= Gollachhut =

Bangladeshi traditional game

Gollachhut (গোল্লাছুট; circle run) is one of the most popular games among adolescents in Bangladesh. In addition to rural areas, the game is also widely played in urban settings. It is especially popular in Dhaka, Mymensingh, Faridpur, Madaripur, Barisal, Khulna, and Pabna. Children typically play Gollachhut outdoors, such as in school fields or open spaces. The game is played between two teams. A stick is planted in a hole in the ground to serve as the central point of the game. A circle is drawn around this stick, and a boundary line is marked about 25 to 30 feet away.

== Etymology ==
The name derives from the nature of the game.

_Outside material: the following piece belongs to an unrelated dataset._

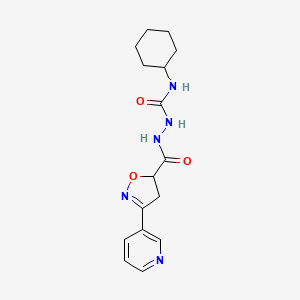 molecular formula C16H21N5O3 B2400559 N-cyclohexyl-2-{[3-(3-pyridinyl)-4,5-dihydro-5-isoxazolyl]carbonyl}-1-hydrazinecarboxamide CAS No. 478064-65-2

Players must move in a circle ("golla"), and "chhut" is a regional word meaning "run." Thus, the game is called "Gollachhut."

== Rules ==
At the start of the game, two team captains are selected, known as "Goda." Each team consists of an equal number of players (usually 5 or 7). The team captain holds the planted stick with one hand and links hands with their teammates with the other hand, forming a chain. Together, they rotate around the central stick.

The objective of the game is to break the chain and run towards a secondary target (another stick or tree located outside the circle) and touch it.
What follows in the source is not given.